TASK DATA ▸

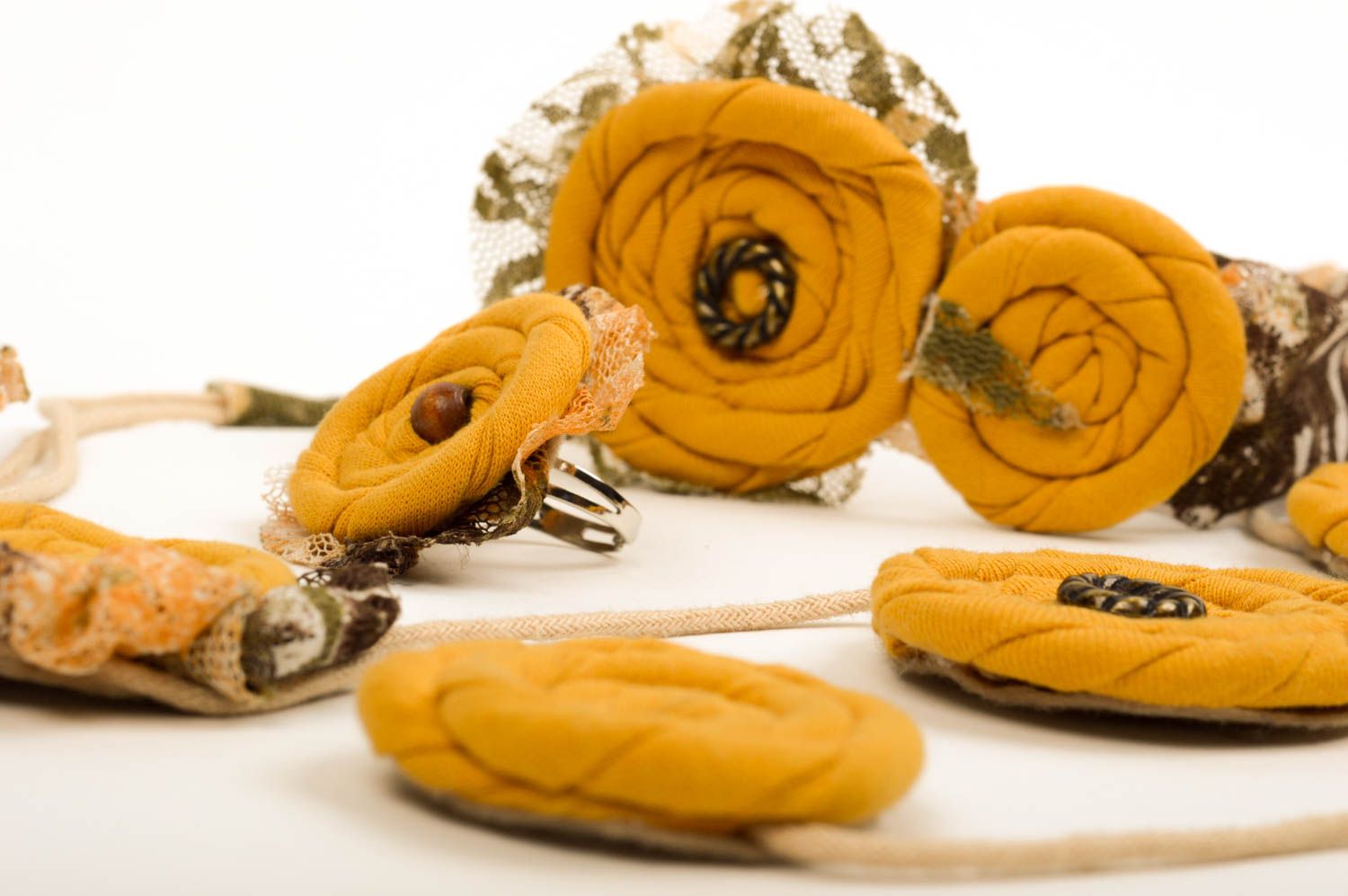 Женское кольцо украшение ручной работы украшение из ткани желтое кольцо крупное фото 3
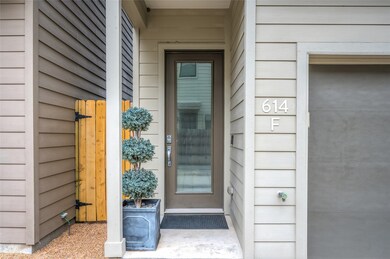 614 Thornton Rd unit F, Houston, TX 77018 - photo 4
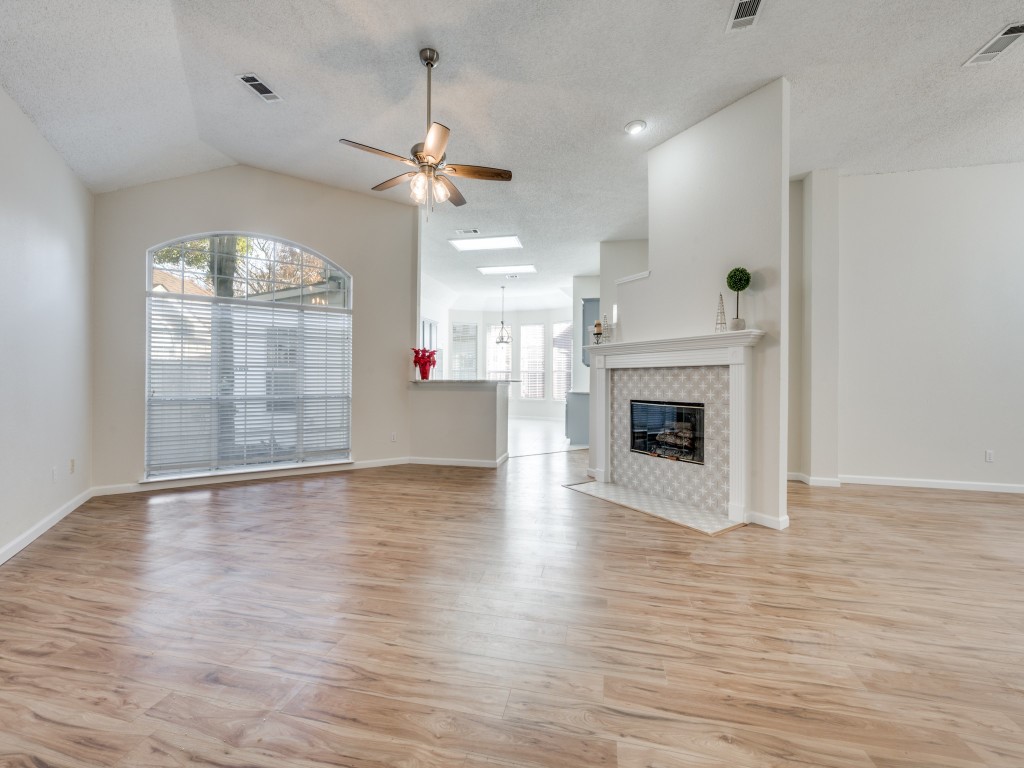 214 Jennifer Lane Arlington TX 76002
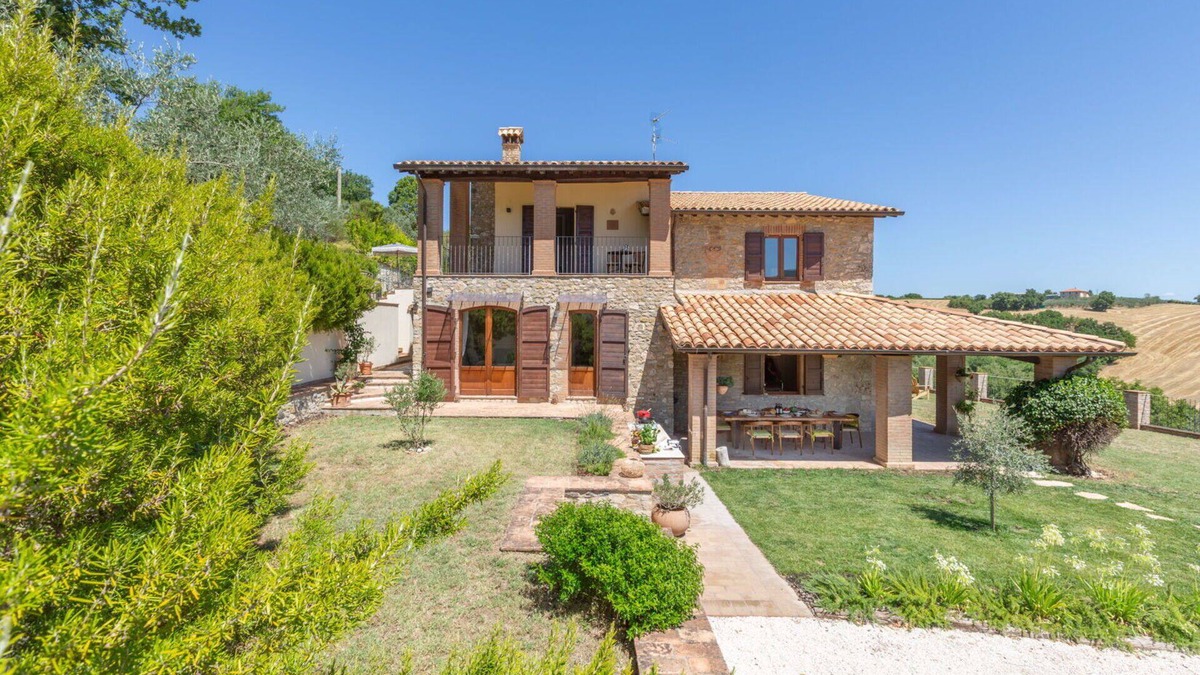 Gualdo Cattaneo House | Vacation Home in Marcellano with 4 bedrooms sleeps 8
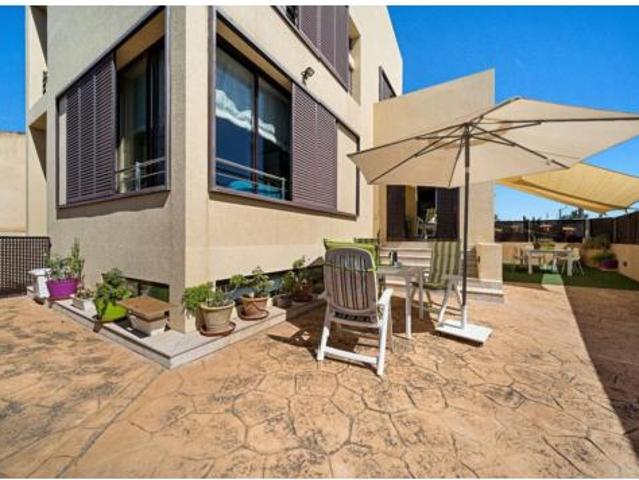 Chalet Venta Palma de Mallorca, Establiments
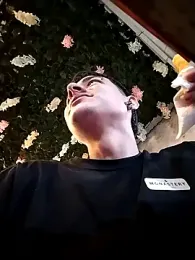 attractive-sexx — Stripchat stream photo (Mar 2026)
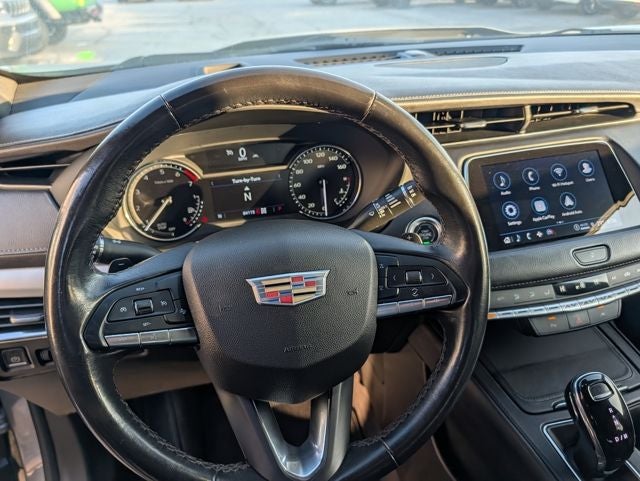 2023 Cadillac XT4 AWD Premium Luxury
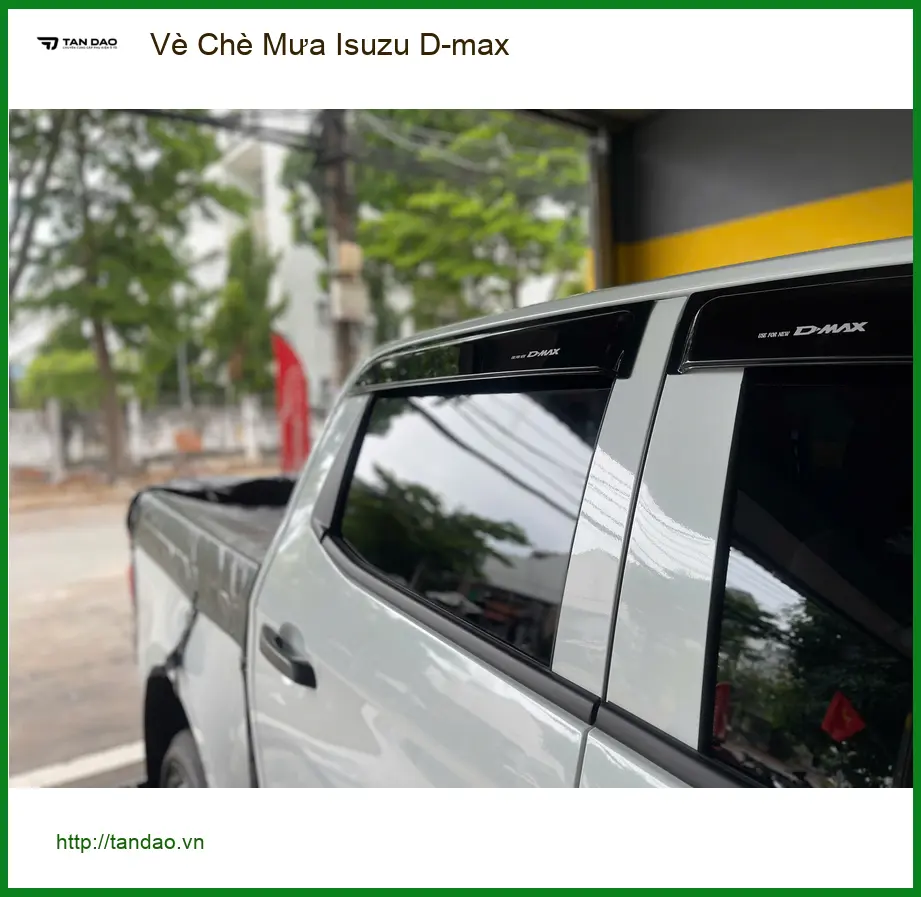 Chị Thảo lắp Vè Che Mưa Isuzu D-max tại Thủ Đức giúp chắn mưa hiệu quả ảnh thực tế 2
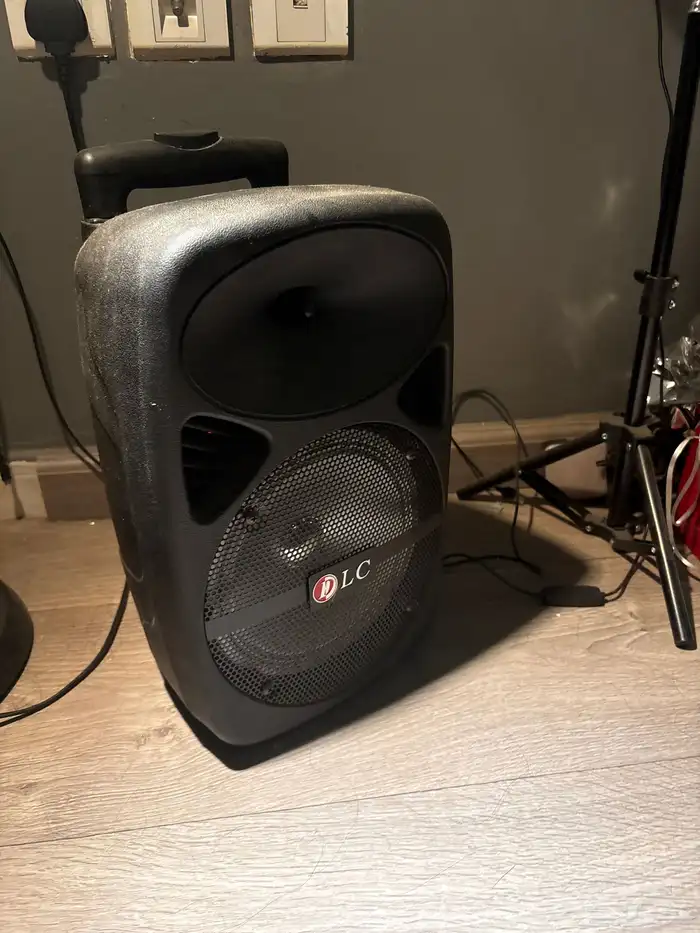 سماعه سبيكر للبيع 0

EXERCISE DESCRIPTION ▸ Any picture found in the records stays out, while everything else is copied exactly.

YOUR SOLUTION ▸
 Женское кольцо украшение ручной работы украшение из ткани желтое кольцо крупное фото 3
 614 Thornton Rd unit F, Houston, TX 77018 - photo 4
 214 Jennifer Lane Arlington TX 76002
 Gualdo Cattaneo House | Vacation Home in Marcellano with 4 bedrooms sleeps 8
 Chalet Venta Palma de Mallorca, Establiments
 attractive-sexx — Stripchat stream photo (Mar 2026)
 2023 Cadillac XT4 AWD Premium Luxury
 Chị Thảo lắp Vè Che Mưa Isuzu D-max tại Thủ Đức giúp chắn mưa hiệu quả ảnh thực tế 2
 سماعه سبيكر للبيع 0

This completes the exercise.